Sans titre apparent

(...) Les photographies de ce livre sont protégées contre ce type d’entraves, car elles appartiennent à la catégorie d’images à propos desquelles il s’avère extrêmement difficile d’écrire en termes d’essai critique. Mais ce n’est pas cette qualité qui surprend le plus. Ce qui est véritablement paradoxal, c’est que ce sont elles qui te parasitent. Elles se cachent dans un coin de ta mémoire et un beau jour tu te trouves régurgitant des scènes qui se sont passées sur une plage où tu n’es jamais allé. Tu revis l’euphorie des espaces ouverts, tu sens à nouveau l’humidité et la chaleur du soleil collées sur ta peau comme de fins grains de sable. Tu cours et tu nages jusqu'à ce que la fatigue t’oblige à t’asseoir sur la rive auprès d’amis que tu n’as jamais connus.

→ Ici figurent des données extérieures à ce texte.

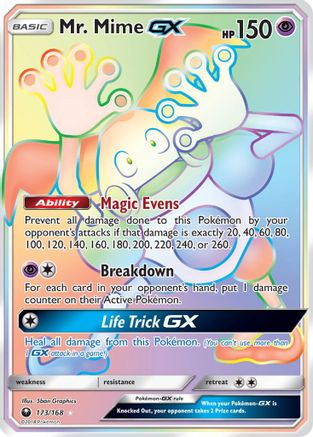 M. Mime GX (173/168) [Soleil et Lune : Tempête céleste] 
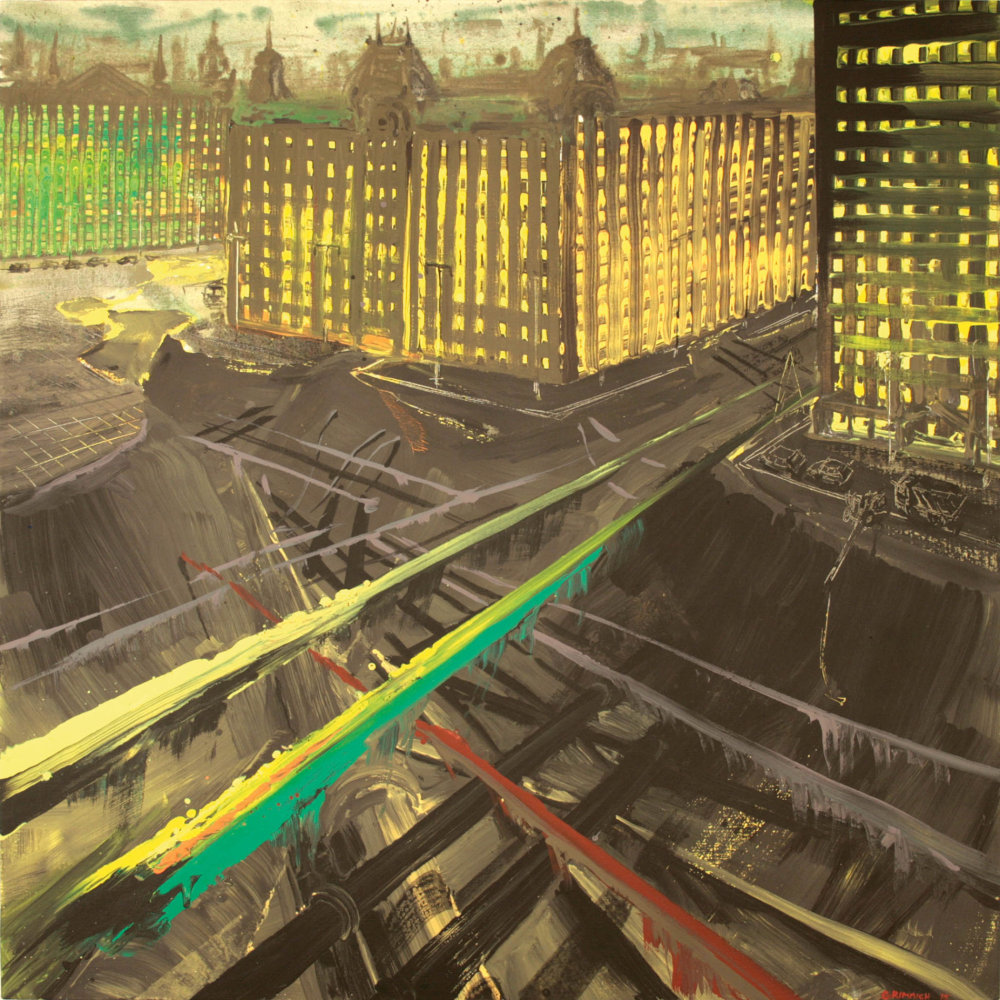 Staré nohy IV, akryl, plátno, 148 × 148 cm, 2015 Staré nohy IV, akryl, plátno, 148 × 148 cm, 2015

On s’approche de ces photos mal protégé. Confiant en leur apparente innocence. En partie avec l’excitation de qui s’aventure à fouiller dans le journal intime d’une personne proche ; en partie avec la frustration de pressentir dès la première photo que tu ne vas découvrir aucun secret morbide ; ou peut-être si. Nous entrons dans une maison dont toutes les portes sont ouvertes. Les mystères sont d’une dimension si subtile qu’ils paraissent une conséquence plus qu’une intention.

Ces haïkus d’argent émergent sans rendez-vous préalable et, en une fraction de seconde, te laissent stupéfait. Ils sortent du silence comme des lucioles diurnes. Ils volent anarchiquement entre nos souvenirs. Ils se posent sur quelque vision endormie par le temps et l’illuminent en un instant fugace, mais insuffisant pour la reconnaître. Ensuite, ils disparaissent dans l’avenir.

Alejandro Castellote
Extrait du texte pour le livre
: El fondo. Ed. Mestizo y Centro de las Artes de Alcorcón. Murcie, 1996.